Don't know my own strength! 







What should I do, replace the handle or buy a new fork?


----------



## Darius_Jedburgh (21 Jun 2021)

New handle. Simple job. 
My fork is a bit like Trigger's broom.


----------



## I like Skol (21 Jun 2021)

Good luck finding a shop with fork handles!

But if you try, can I come and stand behind you in the queue when you ask? 

According to my properly brung up teenage kids, none of their peers know this classic sketch or get the quotes that ensue....


----------



## Darius_Jedburgh (21 Jun 2021)

I like Skol said:


> Good luck finding a shop with fork handles!


Amazon have a shed full. (See what I did there?)


----------



## PaulSB (21 Jun 2021)

Buy a fork with a steel handle, the type you have will always be vulnerable as where the wooden shaft enters the steel head is a weak pivot point.

Alternatively fix it and buy a digging fork as well. My guess is you were digging with this fork?


----------



## Sharky (21 Jun 2021)

PaulSB said:


> My guess is you were digging with this fork?


Yes, I was digging up a hydrangea bush.
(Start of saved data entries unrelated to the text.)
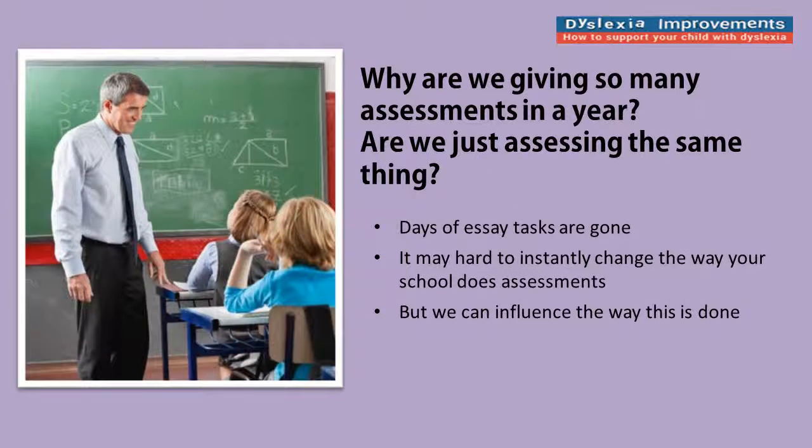Another thing to consider is why we're giving so many written assessments. If you're a year eight English teacher, ask yourself: why give your class four essays per semester? You're assessing the same thing four times — that makes no sense. Why not make one an essay, one a speech, and one a poster or chart they have to produce? The days of making every assessment task an essay are over — that's not how the real world works. You may not be able to instantly change how your whole school does assessment, but you can have some influence, because we should not be disadvantaging children with phonological dyslexia by making every task an essay.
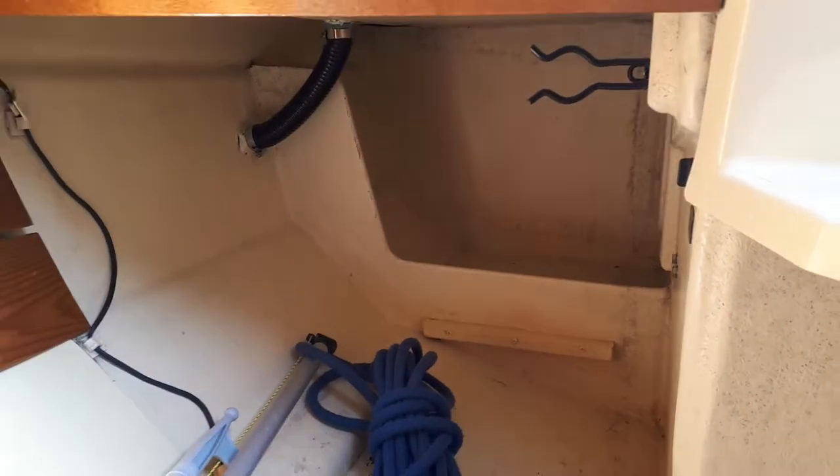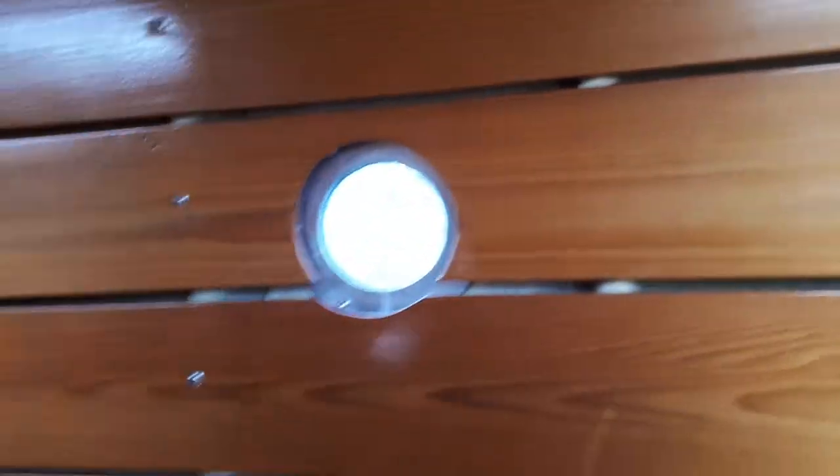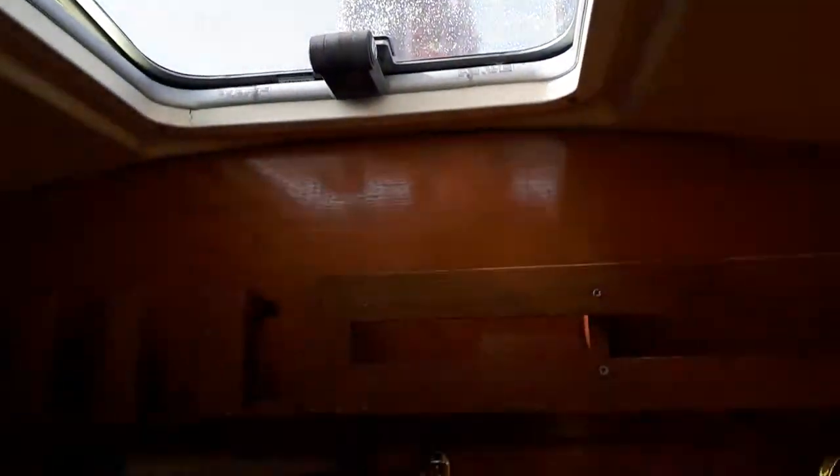Plenty of cubby hole space as well on these boats, and again nicely finished woodwork and porthole fittings. Very homely, traditional feel, as you might expect from this type of boat.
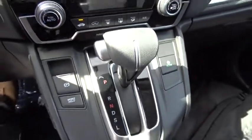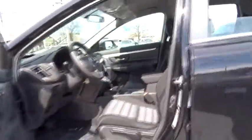Brake assist, tachometer, panic alarm, remote keyless entry, overhead console, tilt steering wheel, front reading lamps, front bucket seats, rear window wiper, driver vanity mirror, and cloth seat trim.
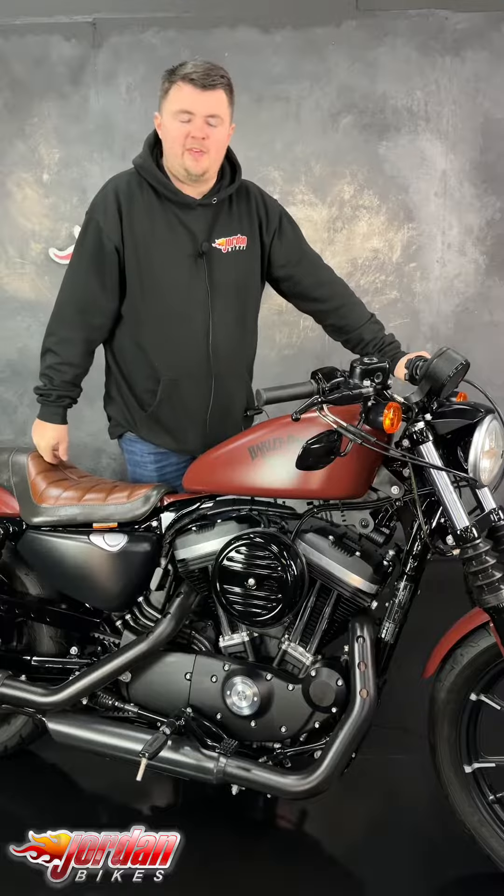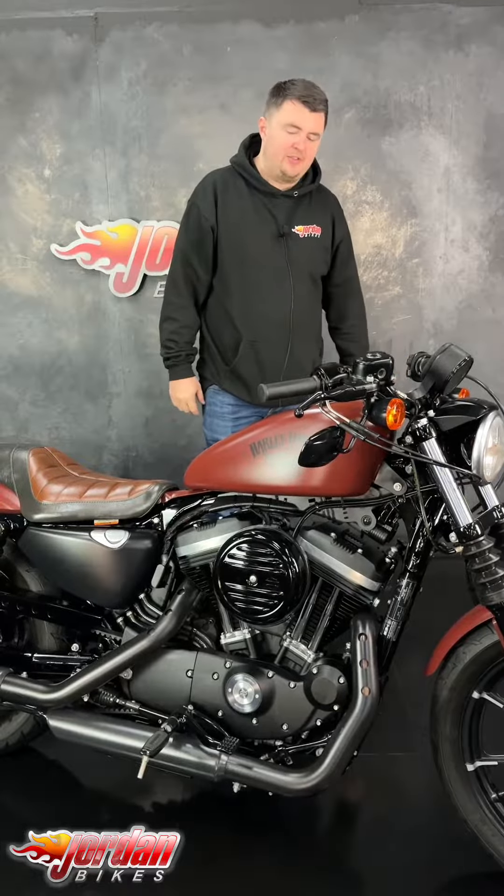Hi guys, it's Dylan at Jordan Bikes and today we have to see this super rare coloured Harley. It's an 883 Iron.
It was working loose and I put all my weight on it and it gave way.


----------



## wonderloaf (21 Jun 2021)

Took this photo in the hold of the Cutty Sark a few years ago, I often wonder if it was an intended or accidental visual joke:


----------



## I like Skol (21 Jun 2021)

wonderloaf said:


> Took this photo in the hold of the Cutty Sark a few years ago, I often wonder if it was an intended or accidental visual joke:
> 
> View attachment 595140


Four candles and fork handles. I would say it is purely coincidental......


----------



## Drago (21 Jun 2021)

Sharky said:


> Don't know my own strength!
> 
> View attachment 595131
> 
> ...


Hulk smash!


----------



## deptfordmarmoset (21 Jun 2021)

I like Skol said:


> Four candles and fork handles. I would say it is purely coincidental......


It has to be done....


----------



## Tail End Charlie (21 Jun 2021)

If you have a farm supply shop nearby, they'll have fork handles in. I'd refit a handle rather than buy another fork.


----------



## I like Skol (21 Jun 2021)

deptfordmarmoset said:


> It has to be done....



Cheers, saved me a job, except I was going to post racing pigeon....


----------



## Sharky (21 Jun 2021)

I like Skol said:


> According to my properly brung up teenage kids, none of their peers know this classic sketch or get the quotes that ensue....


I find it hard to believe that it was first shown in 1976. That's 45 years ago. Still vivid in my mind, but understandable why your teens didn't know about it. Probably 30 years before they were born!


----------



## FrankCrank (22 Jun 2021)

deptfordmarmoset said:


> It has to be done....



There's a pub in that there Oxford called the Four Candles, have frequented many a time, and I always think of this sketch when visiting.


----------